HOW TO COMPLETE THIS TASK → No picture belongs in the answer, which must hold exactly the lines from the one with "100 Litres Aquarium" through the final line below.

*** DATA BLOCK ***

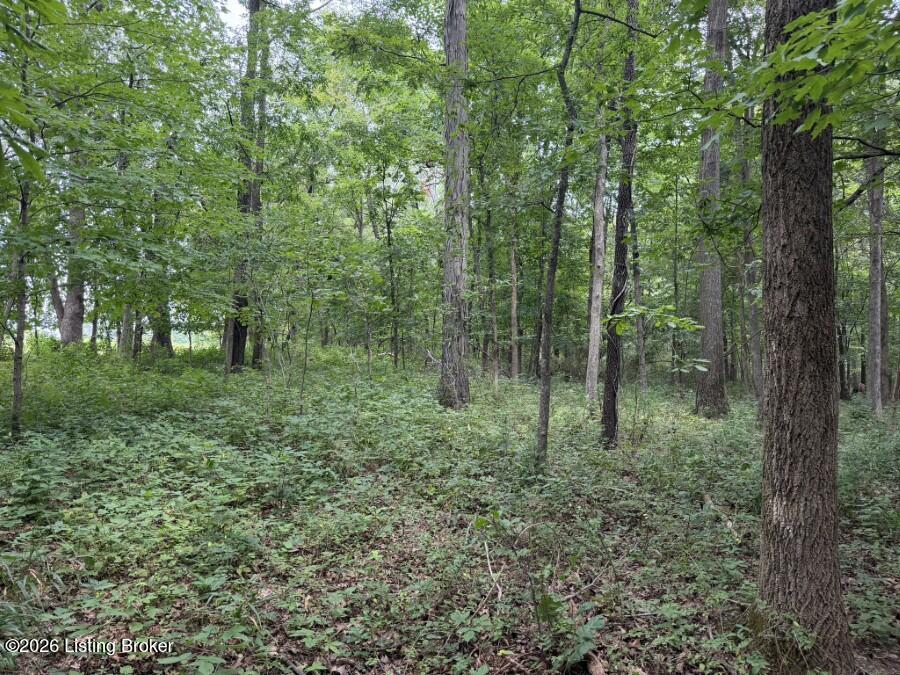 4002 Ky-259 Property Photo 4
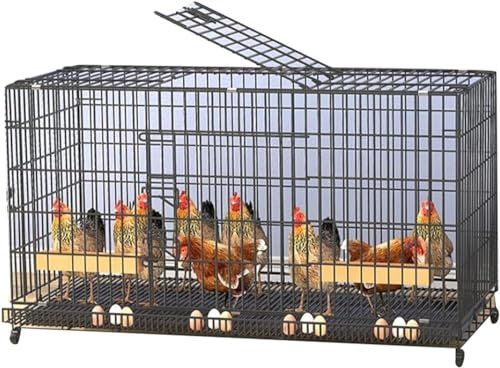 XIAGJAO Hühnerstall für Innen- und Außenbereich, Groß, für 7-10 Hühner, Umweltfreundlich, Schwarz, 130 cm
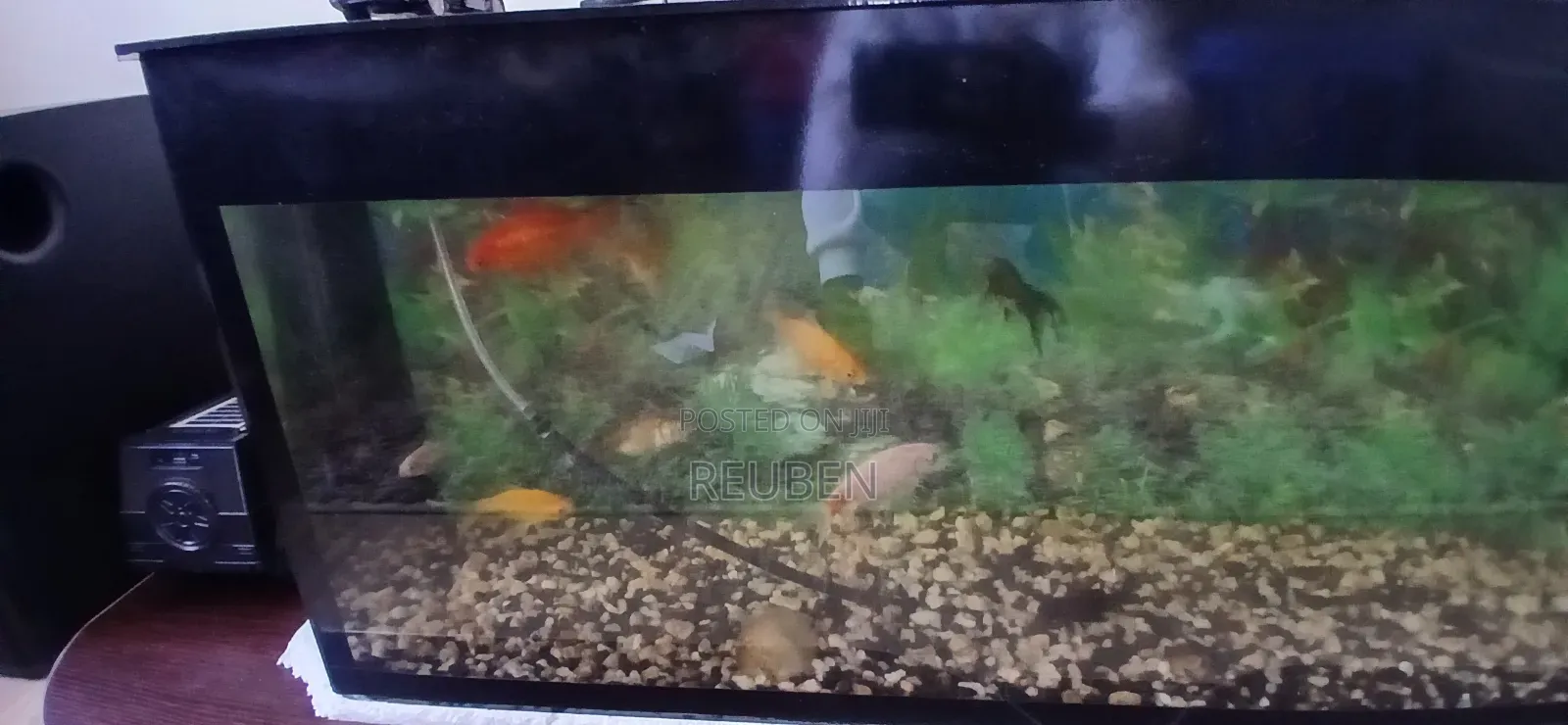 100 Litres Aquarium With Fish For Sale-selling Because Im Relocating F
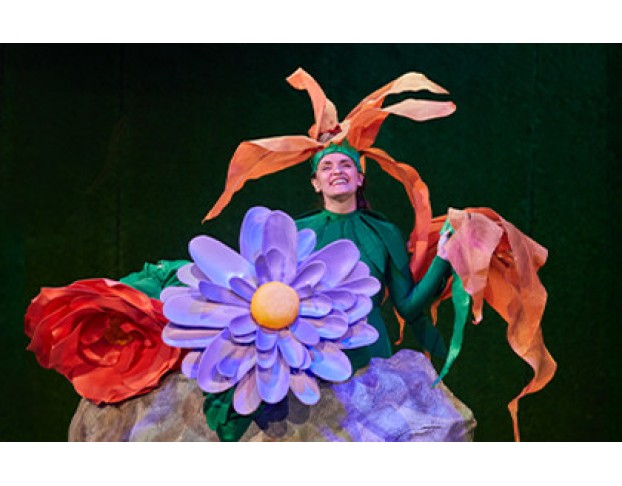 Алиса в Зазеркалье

*** End of DATA BLOCK ***

RESULT FOR THIS EXERCISE →
 100 Litres Aquarium With Fish For Sale-selling Because Im Relocating F
 Алиса в Зазеркалье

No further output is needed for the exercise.